Would flush_icache_range() not be the correct thing to call here?
Sync'ing the I and D sides for a whole page seems excessive to install a probe.
I believe __cpuc_coherent_kern_range() is not intended as an API, and should only be used in special situations in arch-specific code. It's the correct operation, but arm provides flush_icache_range as a wrapper to call.
flush_icache_range() is documented, with the correct effect, in Documentation/cachetlb.txt, so I believe that all arches should provide it, even if it's a no-op.
The real question is, what is this code in xol_get_insn_slot() trying to do?
1. area->page is an anonymous page - it was allocated by alloc_page(GFP_HIGHUSER). This makes use of flush_dcache_page() questionable at best.
2. xol_get_insn_slot() appears to want to copy instructions into this page via the kernel mapping such that they're visible to userspace.
So, the first thing that we need to do is to push the written data out to a point where the instruction stream can see it.
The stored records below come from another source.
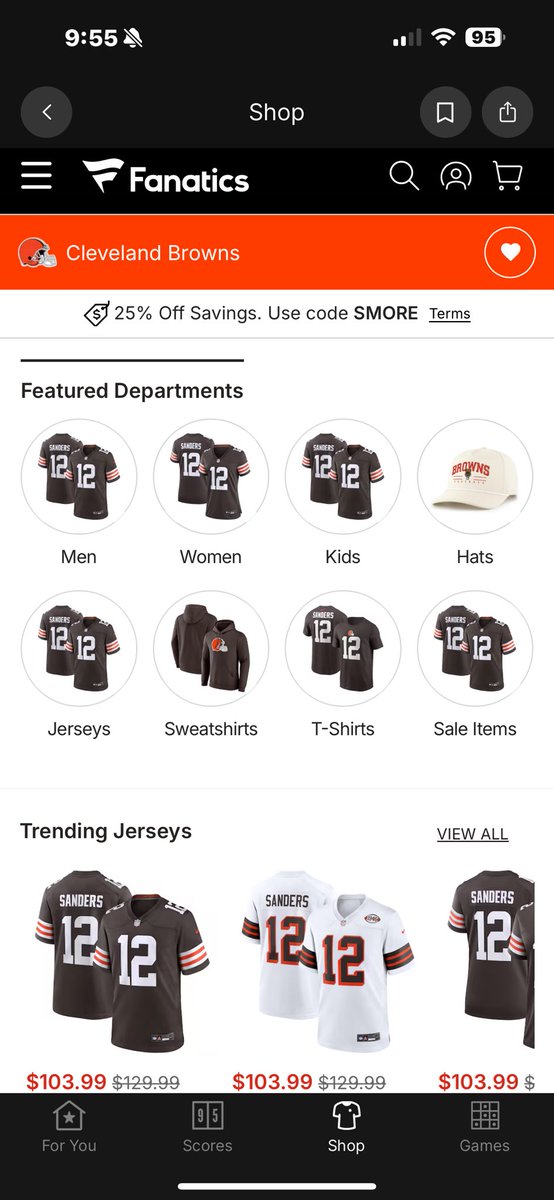 WhattaDingus's tweet image. Fanatics Browns homepage. 

#12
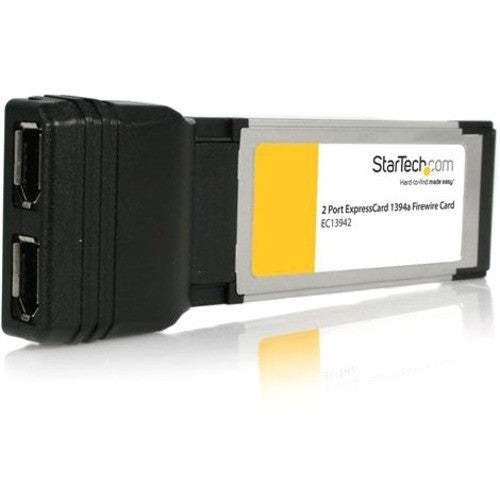 StarTech.com 2 Port ExpressCard IEEE-1394 Firewire Card - FireWire adapter card - ExpressCard/34 - Firewire - 2 ports EC13942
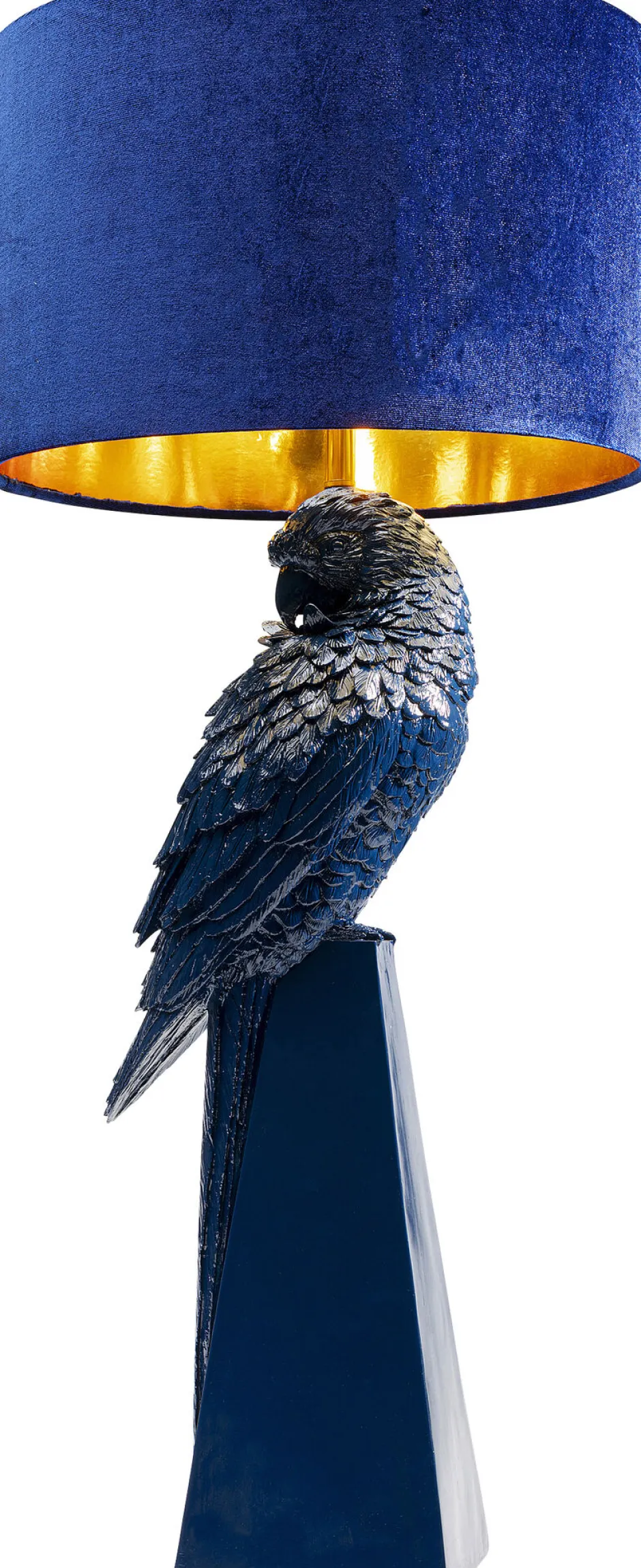 KARE Tischleuchte Parrot Blau 84cm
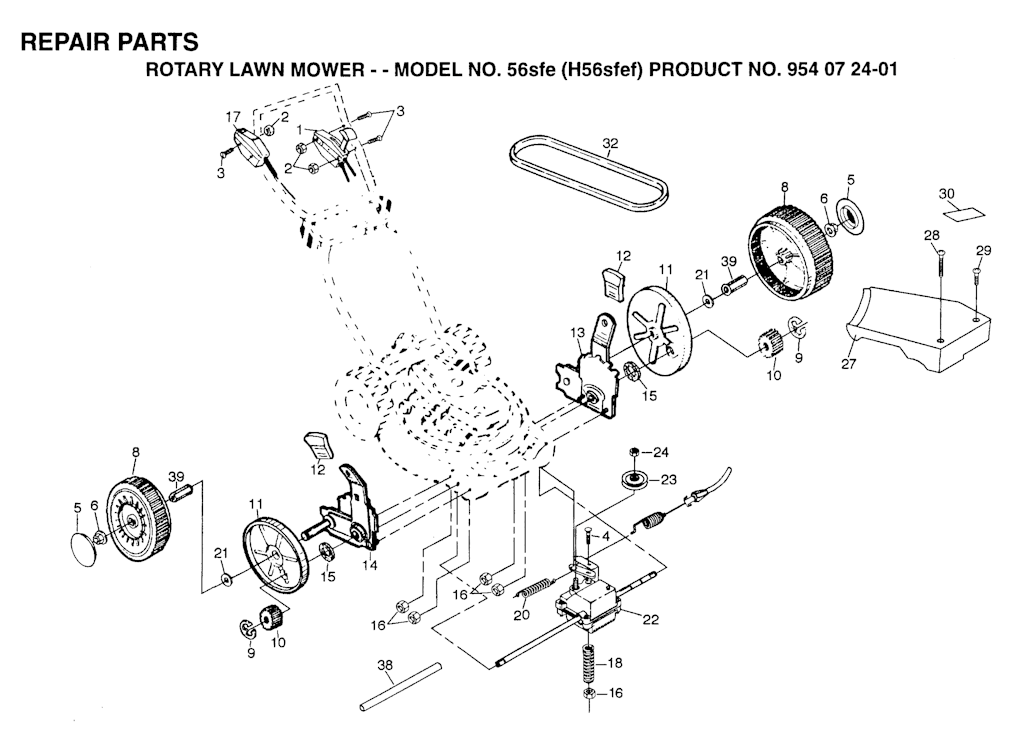 Explosionszeichnung Ersatzteile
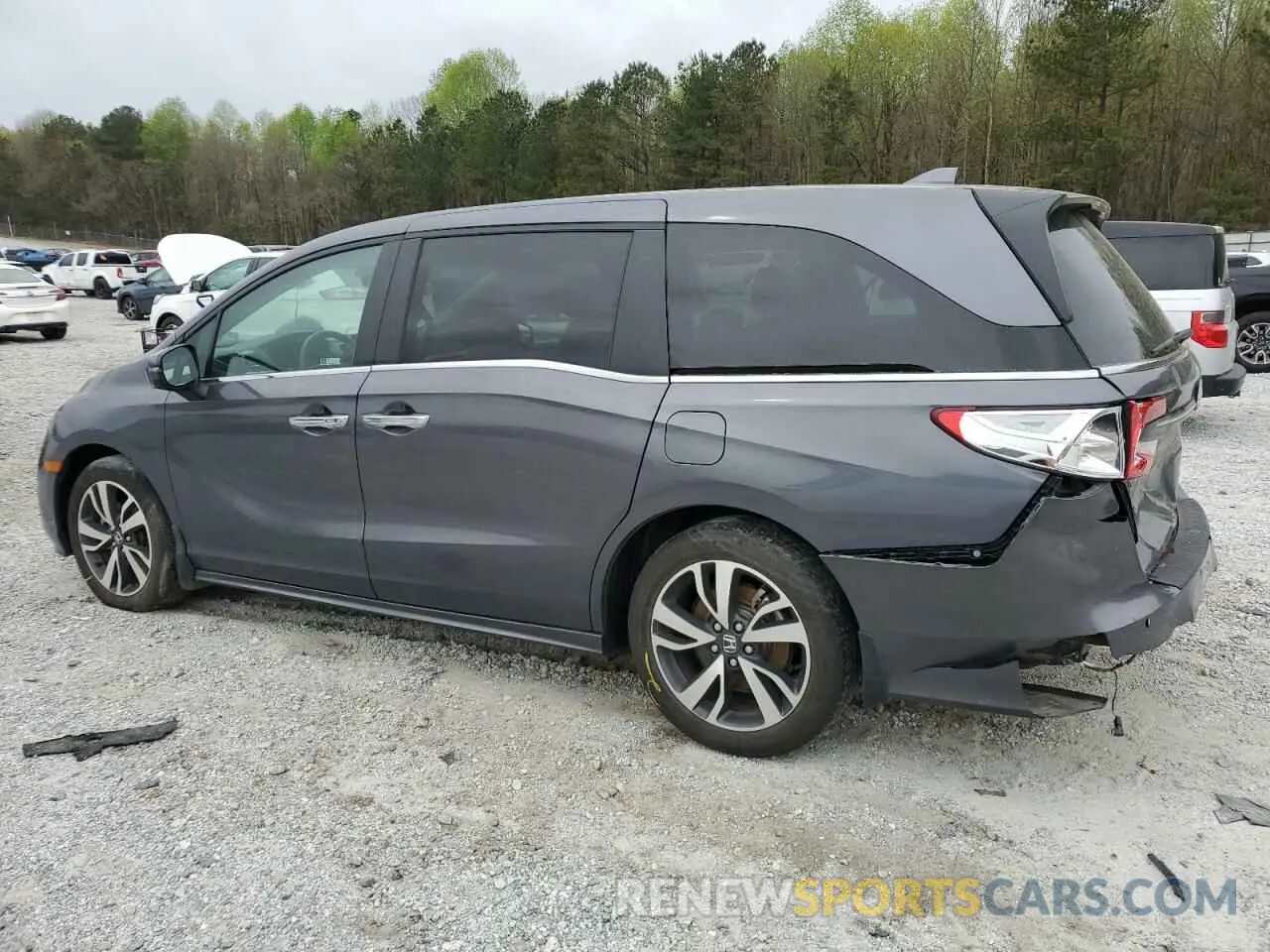 2 Photograph of a damaged car 5FNRL6H87PB042110 HONDA ODYSSEY 2023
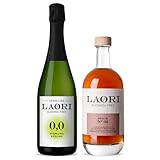 Laori Bundle alkoholfrei | 750 ml Sparkling Riesling (Alkoholfreier Sekt) | 500 ml Spice No 2 (Alkoholfreie Rum-Alternative) | Perfekt für alkoholfreie Cocktails | Vegan & kalorienarm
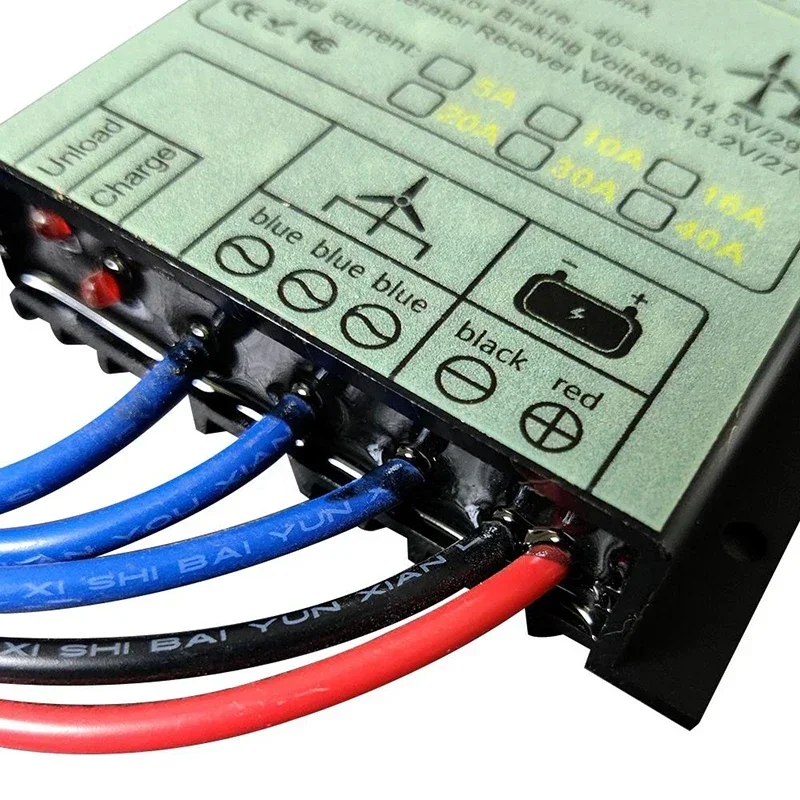 12v 24v 48v Low Wind Speed Voltage Boost Auto Match 48V System 1KW MPPT Wind Turbine Charge Controller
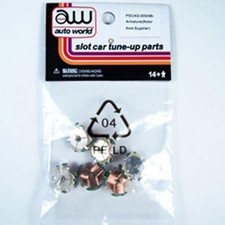 Auto World 4Gear Chassis Tuneup Parts Armature Motor 6pc Ho Slot Car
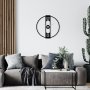 WALLXPERT Dekorativni metalni zidni sat Enzo black - slika 2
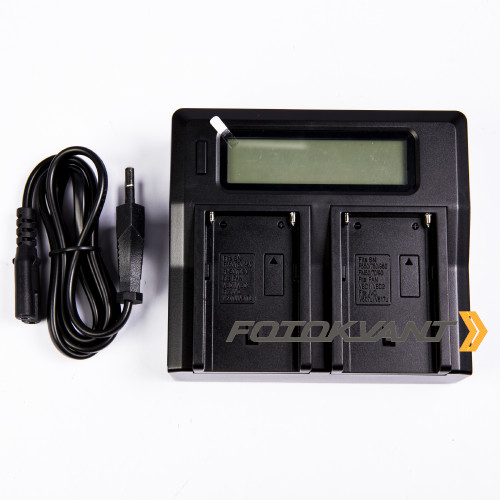 Fotokvant NP-F-CH2 зарядное устройство для двух аккумуляторов серии NP-F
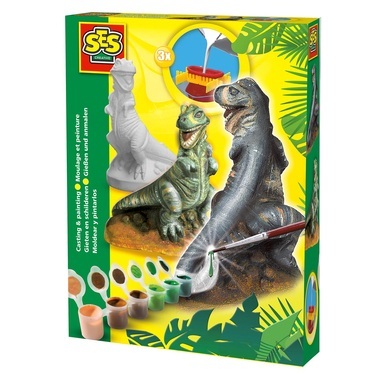 SES creative Gipsgießset T-REX 9-teilig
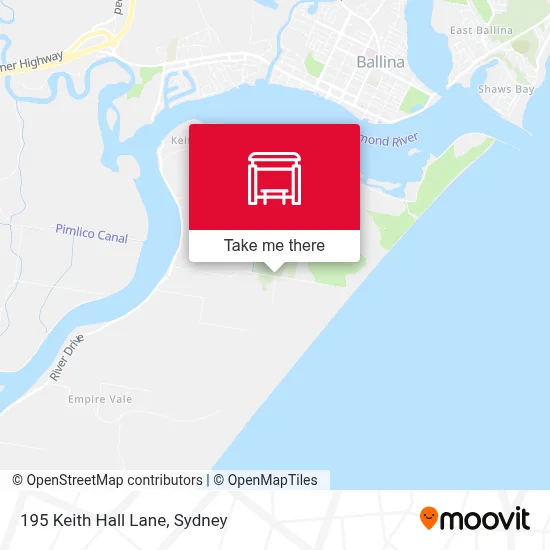 Mapa 195 Keith Hall Lane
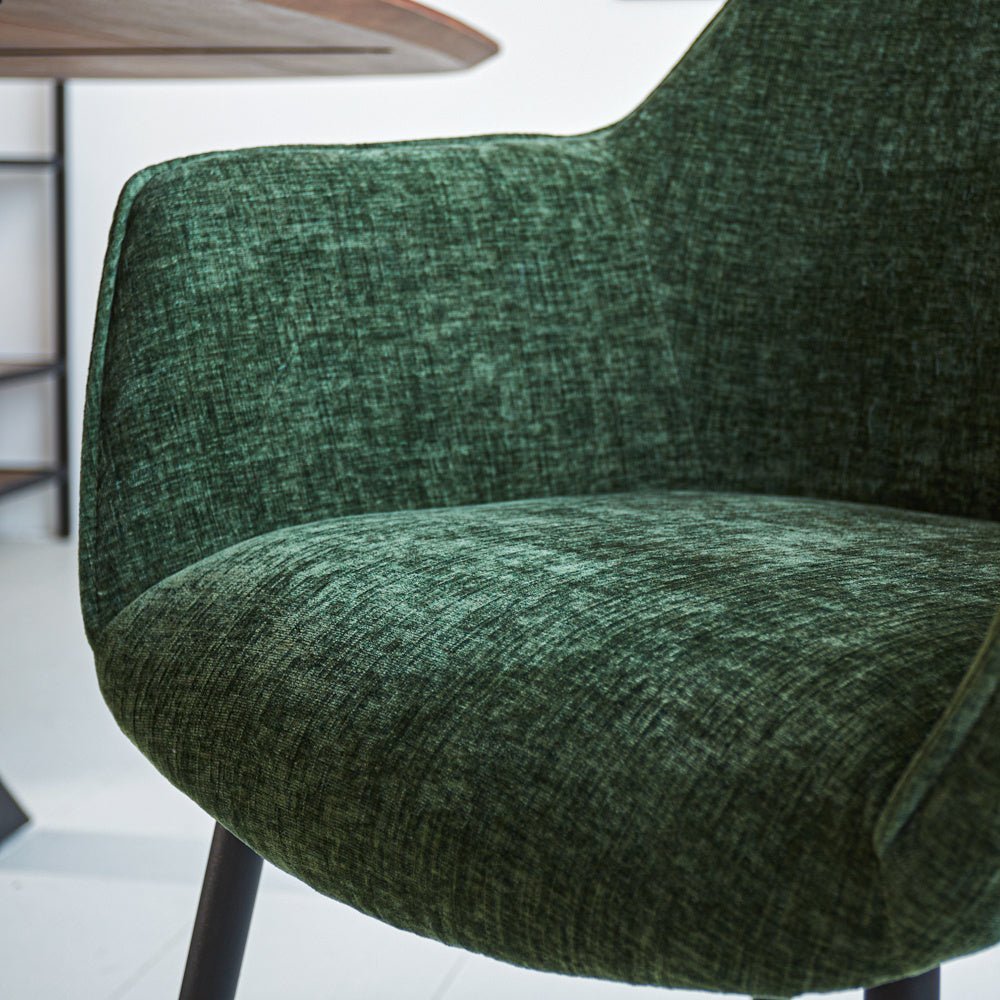 Dining room chair Sev Dimehouse Green LxWxH 68x62x61 Fabric Atmospheric photo detail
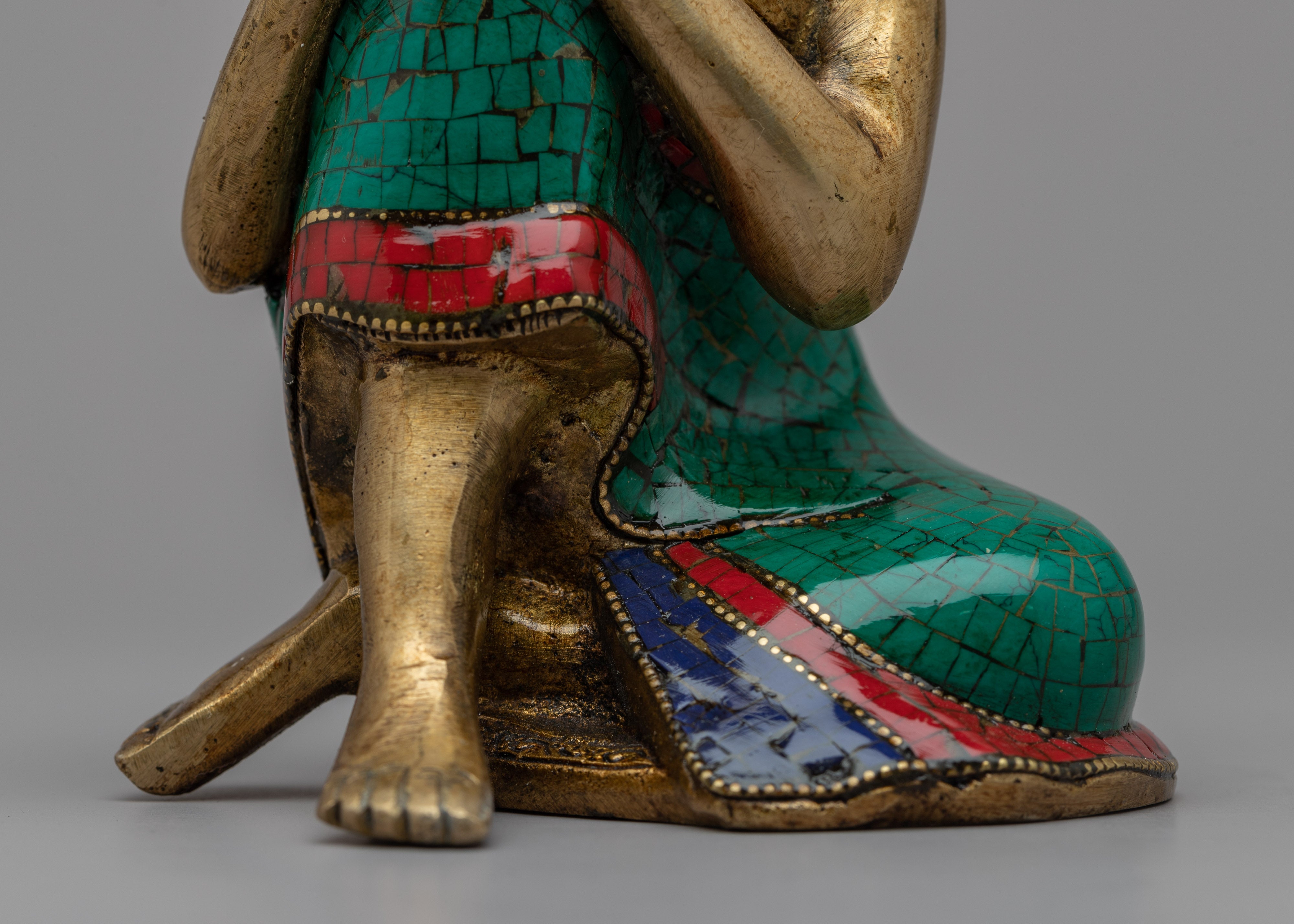 Resting Buddha Statue | Traditional Tibetan Style Buddhist Statue
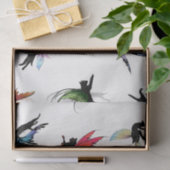 Papier Mousseline Chats cosmiques (Cadeau)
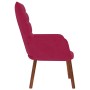 Sillón de relax de terciopelo rojo vino tinto en Sillones | Comprar online en Foru.es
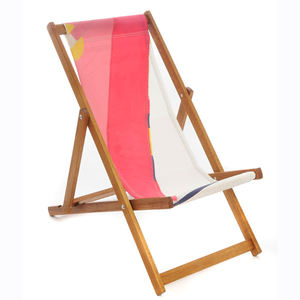 Silla de Jardín con Estampado de <span class=keywords><strong>Atardecer</strong></span> Estilo Ins, Estructura de Madera de Haya para Patio, Balcón, Jardín, Ocio, Venta Directa de Fábrica - Product Image 1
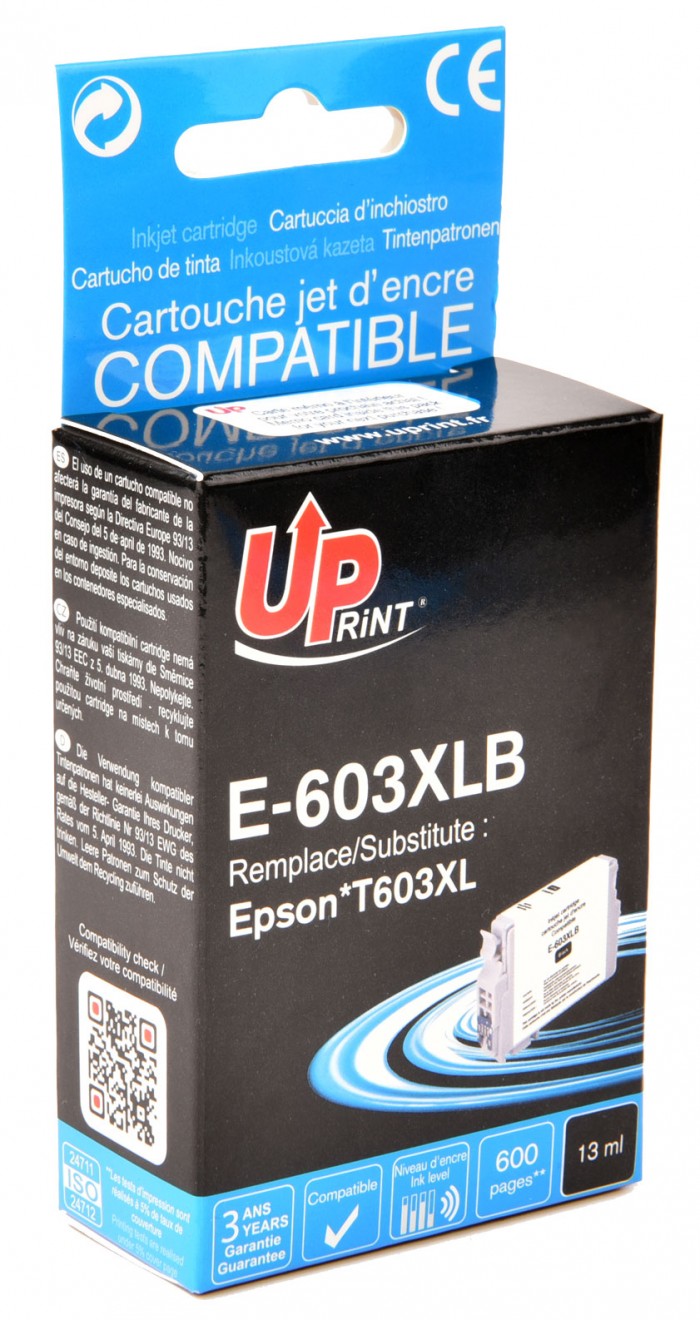 UP-E-603XLB-EPSON XP-2100/3100/4100-C13T03A14010-BK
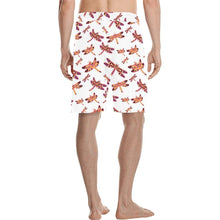 Load image into Gallery viewer, Gathering White Men&#39;s All Over Print Casual Shorts (Model L23) Men&#39;s Casual Shorts (L23) e-joyer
Then we need to ensure that the instruction stream can see the new instructions.
Practically for ARM, that means pushing it out of the D-cache and then making sure that there are no I-cache lines associated with the new instructions.
With VIVT instruction caches (yes, we still have them on ARMv7), we have to flush the I-cache lines associated with the userspace addresses - flushing the I-cache lines for the kernel mapping doesn't do anything for the stale lines in the userspace mapping.
copy_to_page() kmap_atomic()'s the page - this doesn't take account of VIPT aliasing caches, and so the writes may be in an alias of the user page. Plus, when the page is kunmap_atomic()'d, there's no guarantee that the written lines will be flushed out.
copy_from_page() suffers from a similar problem, though its saving grace is that the user mapping is execute-only (iow, read+execute only) so should never end up with any dirty cache lines associated with it.
flush_dcache_page() will ensure that the D-cache lines are flushed out on ARM (even though it's only defined to have an effect for page cache pages) but it does nothing for the I-cache. So, although it seems to partially work, it's definitely the wrong interface here.
However... the normal way we do this (for example, in the case of ptrace) is via copy_to_user_page() / copy_from_user_page(), and we have some pretty complex handling via those functions to deal with writing to the page and having the affected thread running on a different CPU to the one we wrote the new instructions. I'd recommend that uprobes looks at trying to re-use some of this infrastructure rather than re-inventing this wheel.